Property tax: Owners to decide on the value of their own home
Published 14/09/2012 | 05:00
HOMEOWNERS will assess the value of their own house to pay the property tax, the Irish Independent has confirmed.
It has also been revealed that there will be severe penalties for anyone who undervalues their house -- with the fines being imposed by the taxman.
Homeowners will simply tick off the value of their home on a checklist provided by the Revenue Commissioners.
This checklist will be posted out on July 1 next -- with a major publicity campaign being kicked off in March.
The Revenue Commissioners will police the payment by carrying out spot checks by comparing the values of houses in the same areas.
Residents will be given the choice of paying the tax by credit or debit card, cheque or taken directly from wages by the taxman.
The charge must raise €500m in badly needed revenues for the Government.
The Irish Independent has confirmed that the value of your home will fall into different bands, with the amount of tax to be paid rising with the value of the property.
The property tax is expected to be around €300 for an average, three-bedroom, semi-detached house.
But the different bands will mean the tax will range from about €250 to €400.
Homeowners in cities will end up paying more, because property values are higher and the tax treats the house as an asset.
The Revenue Commissioners will be in charge of collecting the payment and given powers to chase dodgers.
Revenue will carry out an information blitz ahead of next spring and will write directly to homeowners informing them of their obligations.
The form will contain personal details and offer various ways to make the payment, including by credit card, direct debit, instalments or monthly deductions from wages for PAYE workers.
The bands for home values are expected to be quite wide, giving homeowners' ample opportunity to assess the price of their house.
The initial deadline for payment is expected to by around the start of July, with penalties attached for late payment.
The Revenue will, meanwhile, build up information on the values of houses in different areas.
A property price register will also come online later this year, which will provide a guide to property values across the country.
And the database built up through payment of the household charge will be handed over to the Revenue at the start of next year, adding to the information available.
Revenue officials are already working behind the scenes with the local authorities in charge of putting this together.
The database is being compiled by the Local Government Management Association and the city and county councils.
The Government is currently working out the detail of the property tax, which will be formally announced in December's Budget.
However, sources said: "A lot of work has started on the administration side. We are not going to be starting from scratch at Budget time. From Revenue's side, a lot of work is being done on the database."
Ministers are basing their work on an expert report on the property tax.
The coalition is moving toward a pure market value model for the property tax, which measures the home in terms of its price if it was being sold.
The property tax is then calculated as a small percentage of the value of the house.
The Government is also considering a super property tax for owners of large, high-value homes.

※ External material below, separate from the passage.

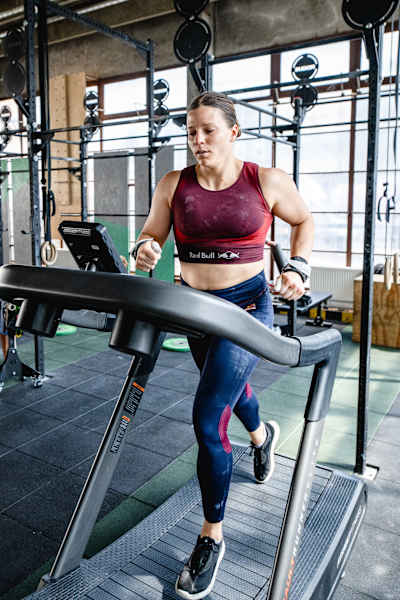 Laura Horváth trains on a treadmill in the gym.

The coalition is also trying to develop a system that factors in the income of the household, to protect those on low income.

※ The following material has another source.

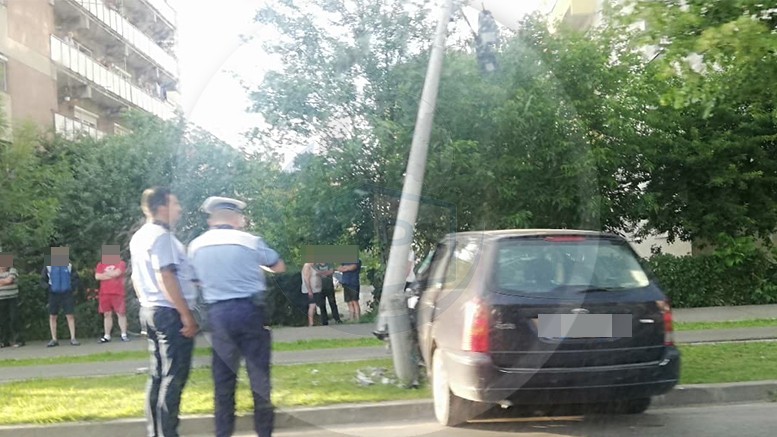 Jól berúgott és kiddöntött egy villanyoszlopot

Finance Minister Michael Noonan confirmed this week the property tax won't come into effect until the middle of next year.
As a result, homeowners will escape paying six months' worth of property tax in 2013. Householders will pay the full amount in 2014.
Homeowners will have the option of paying it in full, in instalments, or having it deducted from their wage packets.
The property tax will form part of the Budget announcement and then will be brought into effect by the Finance Bill in the New Year.
A decision also has to be taken on giving relief or a discount on the tax to homeowners who bought at the height of the property boom.
However, this is regarded as extremely difficult to introduce fairly.
The Government is also weighing up a system where owners of high-value houses would pay more.
One option is to bring in a super tax with a higher percentage rate for very expensive homes.
Such a model would help the Government to sell the idea to the public as homeowners would see the rich paying more.